Pero lo que llama sobre todo la atención en don Santiago Martínez Argüelles es en esa no aceptación de la realidad, en no ser capaz de asumir que por primera vez en más de treinta años su partido está en la oposición. El propio representante de Izquierda Unida, don Jorge Espina, lo ha manifestado en alguna ocasión cuando indicó que la auténtica oposición la están haciendo ellos. Esa frustración personal está despeñando al candidato socialista por una senda bastante peligrosa. No digamos ya cuando, en total discrepancia con sus señas de identidad, en estos momentos el socialismo municipal está defendiendo a ultranza a los grandes promotores inmobiliarios (en coherencia con la ley del suelo aprobada por el gobierno socialista de 2007, cuyos grandes beneficiarios fueron las grandes promotoras, tal y como en su día puso de relieve Tomás Ramón Fernández en un brevísimo pero impecable análisis del texto legal) y a determinadas empresas, curiosamente las más beneficiadas en la etapa en que el señor Martínez Argüelles ostentaba la concejalía de hacienda mientras su cuñado lo hacía en la de urbanismo.

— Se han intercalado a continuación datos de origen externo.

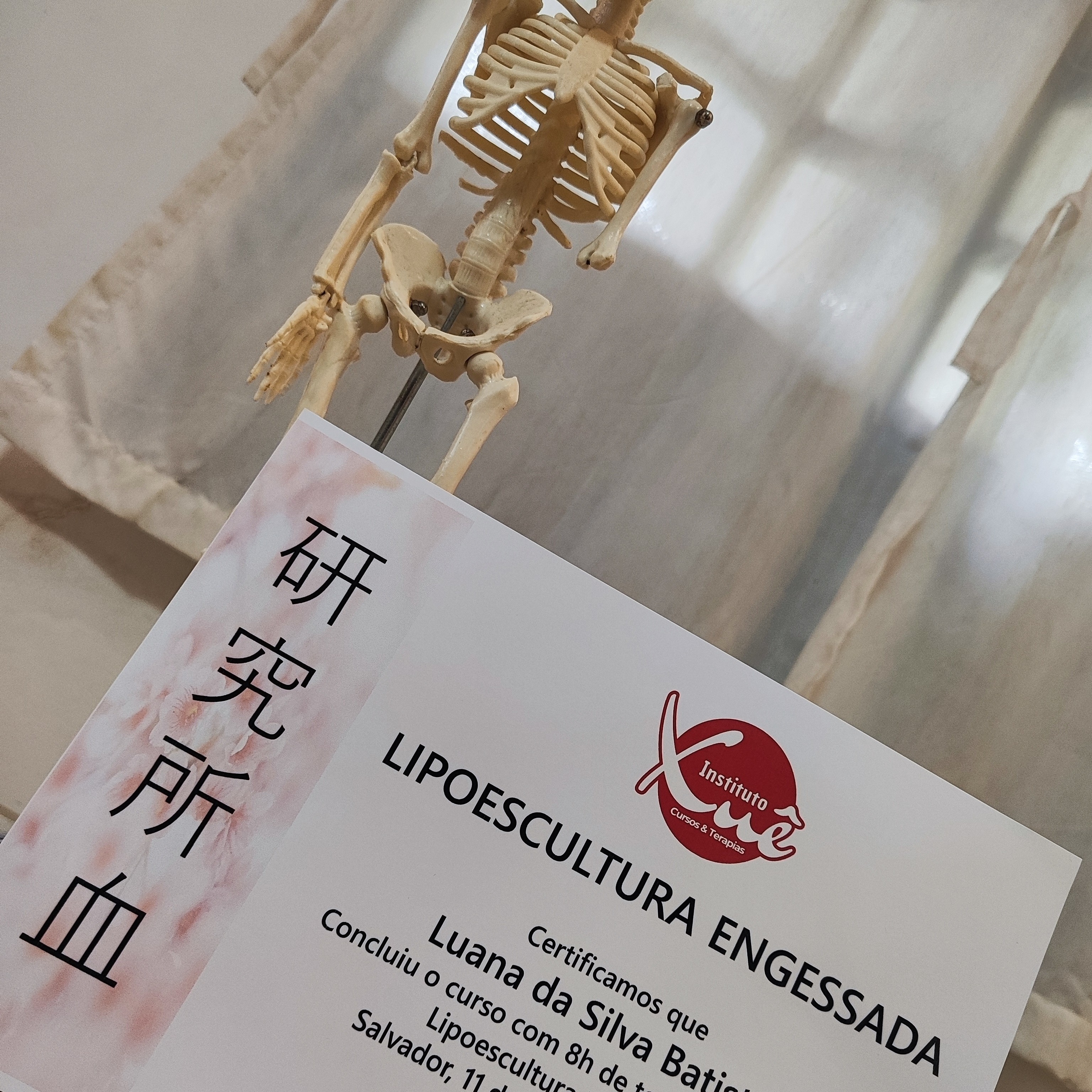 LIPOESCULTURA ENGESSADA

Sinceramente, creo que es hora de que, por su propio bien, el señor Martínez Argüelles pase página, acepte de una vez los hechos y asuma que, tras los comicios municipales de 2011 la mayoría de la corporación gijonesa se orienta al centro-derecha, que tan lícitos son los pactos de gobierno entre fuerzas de derecha como entre las de izquierda y que, por suerte o por desgracia, el señor Martínez Argüelles no es el alcalde de Gijón, por mucho que lo tuviera asumido y que lo creyera hasta el último momento. No aceptar esa realidad puede llevarle al mismo camino que en 1795 el rechazo senatorial llevó a una mente tan brillante como la de John Rutledge a colapsar definitivamente, algo que ni por asomo desde estas líneas le deseamos.